Material supplied
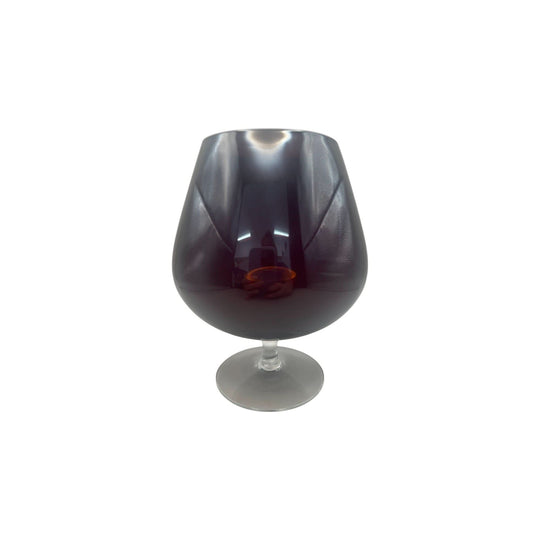 Empoli Deep Red Brandy Balloon with Clear Base 15cm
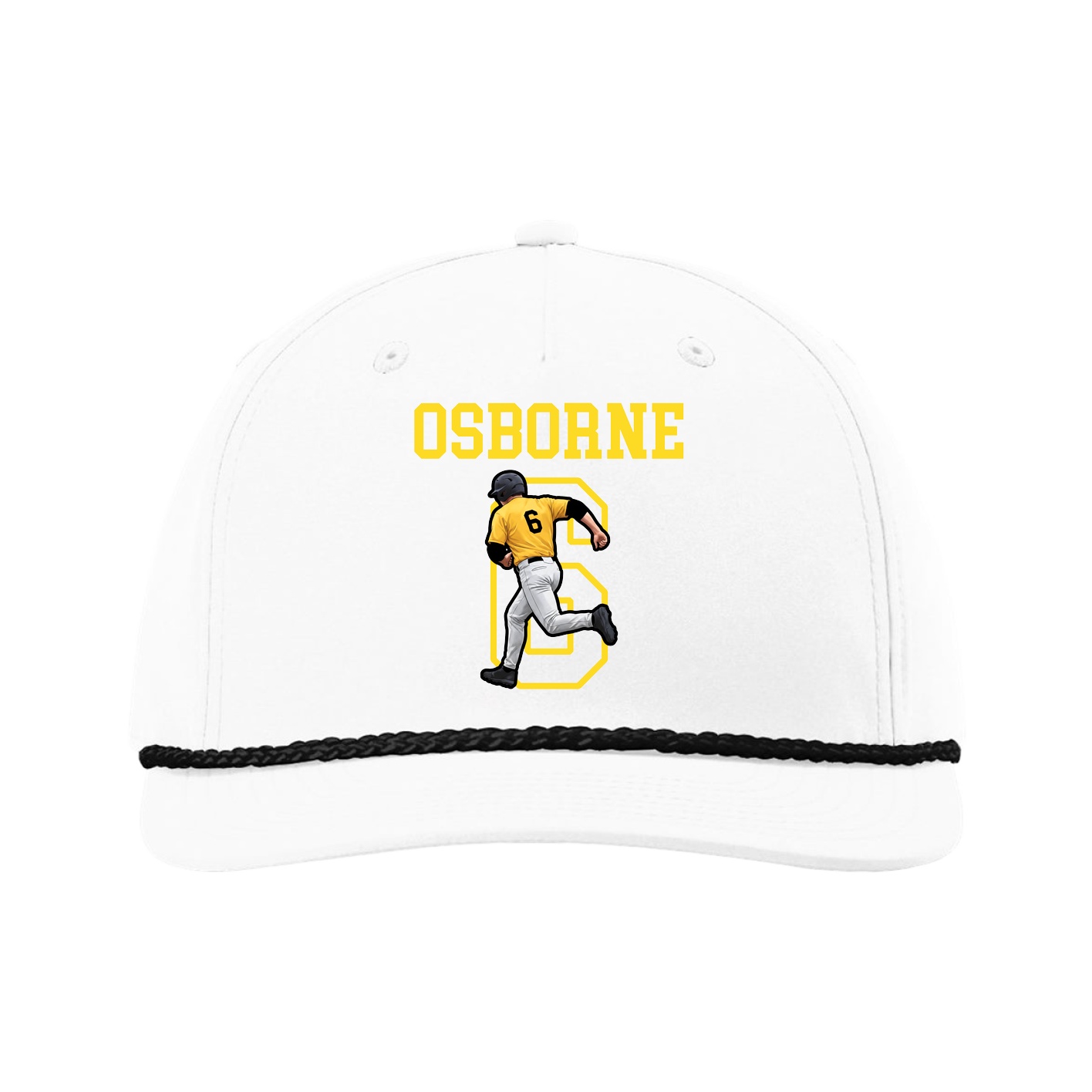 Five-Panel Classic Rope Cap — Shirsey in White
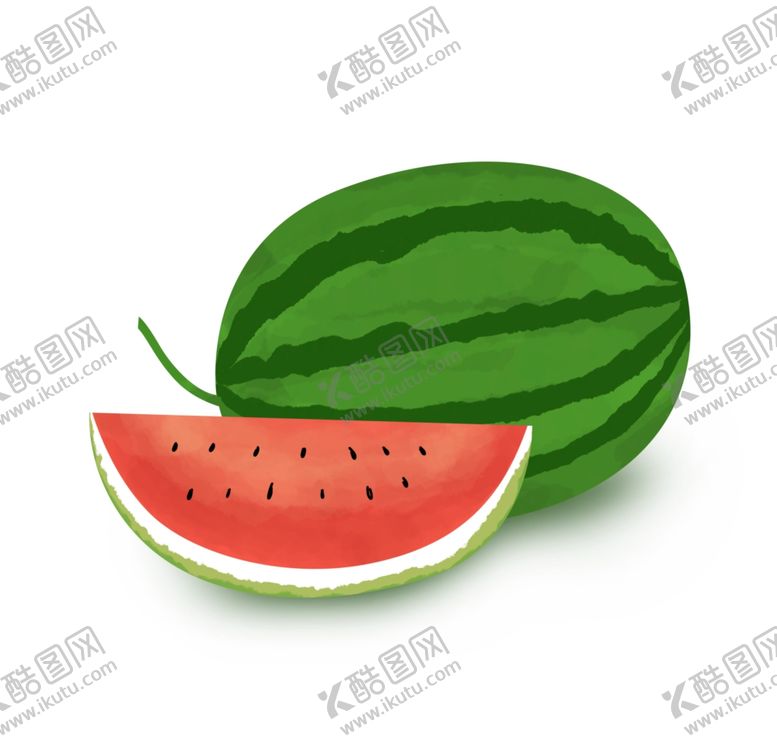编号：14842603141047428493【酷图网】源文件下载-手绘西瓜素材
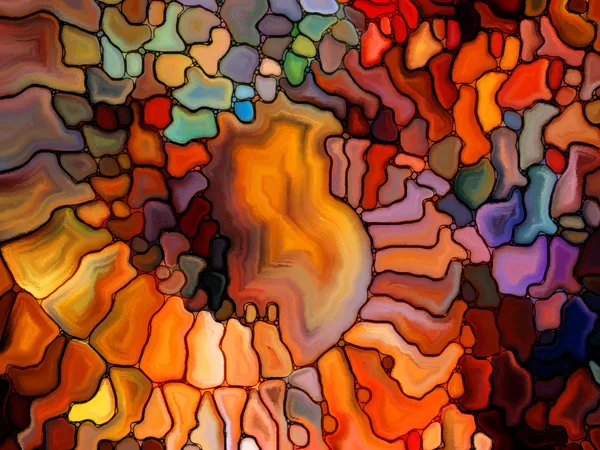 Virtual Stained Glass — Stock Photo, Image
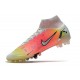 Nike Mercurial Superfly VIII Elite AG Bianco Argento Metallico Platino Puro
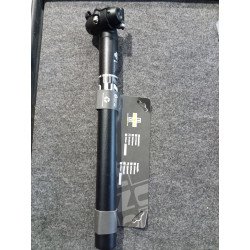 TIGE DE SELLE ALU NOIR SATINE D31.6 LG350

What this task involves
Transcribe exactly the line that contains "Nike Mercurial Superfly" and each line after it through the end of the listing. Leave out the pictures.

Response
 Nike Mercurial Superfly VIII Elite AG Bianco Argento Metallico Platino Puro
 TIGE DE SELLE ALU NOIR SATINE D31.6 LG350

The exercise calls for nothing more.